_MATERIAL SHOWN_

________

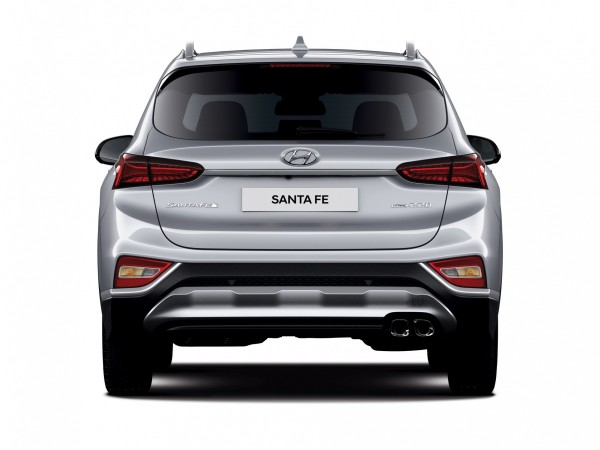 Hyundai Santa Fe 2018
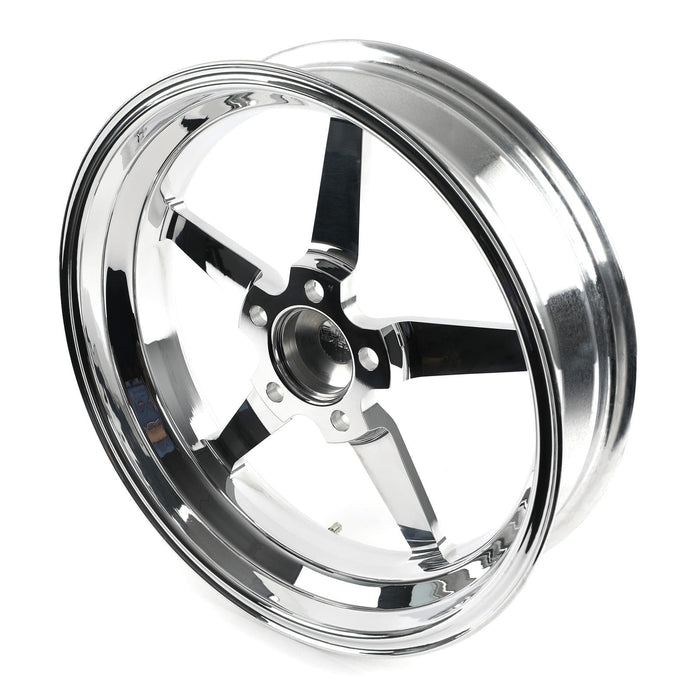 Weld Racing Weld Racing AlumaStar 2.0 One-Piece Front Runner Wheels 88-1704204 Autofit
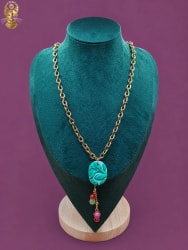 Collier Le Temps Suspendu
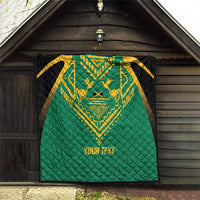 JLP Choose Jamaica Quilt - Wonder Print Shop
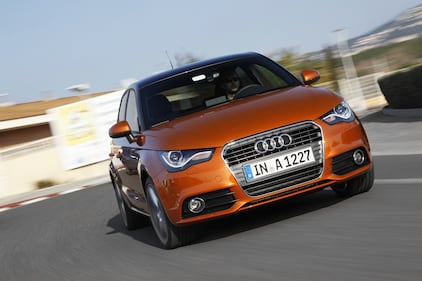 Audi A1 Sportback 5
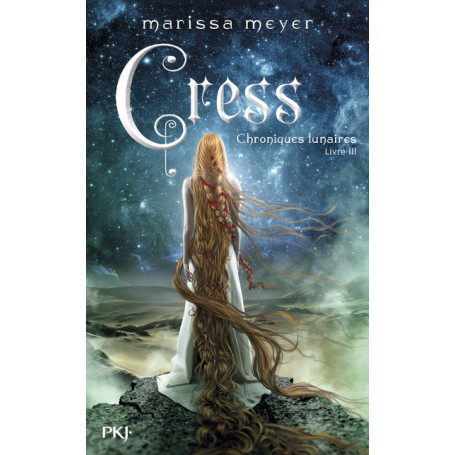Chroniques lunaires - tome 3 Cress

________

_TASK OBJECTIVE_
Starting at the line that contains "JLP Choose Jamaica Quilt - Wonder Print Shop", retype each line through the final one in the listing, with both ends kept and the pictures omitted.

_WORKED SOLUTION_
 JLP Choose Jamaica Quilt - Wonder Print Shop
 Audi A1 Sportback 5
Chroniques lunaires - tome 3 Cress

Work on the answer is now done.